**What the task asks**
Across all the records, filter for lines with the word "Solar" and copy them.

**Data for processing**
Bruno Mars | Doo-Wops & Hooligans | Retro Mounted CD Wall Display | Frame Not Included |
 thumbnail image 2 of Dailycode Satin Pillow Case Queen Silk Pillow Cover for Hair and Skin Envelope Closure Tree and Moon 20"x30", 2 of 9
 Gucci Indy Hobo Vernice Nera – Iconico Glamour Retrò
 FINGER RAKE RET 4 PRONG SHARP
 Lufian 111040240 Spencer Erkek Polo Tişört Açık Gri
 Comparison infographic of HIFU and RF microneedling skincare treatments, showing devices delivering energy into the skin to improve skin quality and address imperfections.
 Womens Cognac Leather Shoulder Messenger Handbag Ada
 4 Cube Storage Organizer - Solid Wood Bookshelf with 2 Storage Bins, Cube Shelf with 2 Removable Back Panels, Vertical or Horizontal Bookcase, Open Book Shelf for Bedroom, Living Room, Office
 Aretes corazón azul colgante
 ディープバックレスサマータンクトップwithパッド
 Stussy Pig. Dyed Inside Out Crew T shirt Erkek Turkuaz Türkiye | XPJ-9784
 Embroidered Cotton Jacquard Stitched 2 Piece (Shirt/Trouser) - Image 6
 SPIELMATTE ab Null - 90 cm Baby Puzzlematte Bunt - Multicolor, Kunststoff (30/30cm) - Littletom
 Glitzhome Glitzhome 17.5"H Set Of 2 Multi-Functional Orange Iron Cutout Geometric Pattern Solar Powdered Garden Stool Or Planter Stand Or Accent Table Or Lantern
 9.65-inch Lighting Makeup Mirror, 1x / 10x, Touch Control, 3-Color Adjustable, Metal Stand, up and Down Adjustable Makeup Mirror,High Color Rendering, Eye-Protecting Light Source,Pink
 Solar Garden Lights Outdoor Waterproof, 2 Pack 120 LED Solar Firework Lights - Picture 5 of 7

**Answer box**
 Glitzhome Glitzhome 17.5"H Set Of 2 Multi-Functional Orange Iron Cutout Geometric Pattern Solar Powdered Garden Stool Or Planter Stand Or Accent Table Or Lantern
 Solar Garden Lights Outdoor Waterproof, 2 Pack 120 LED Solar Firework Lights - Picture 5 of 7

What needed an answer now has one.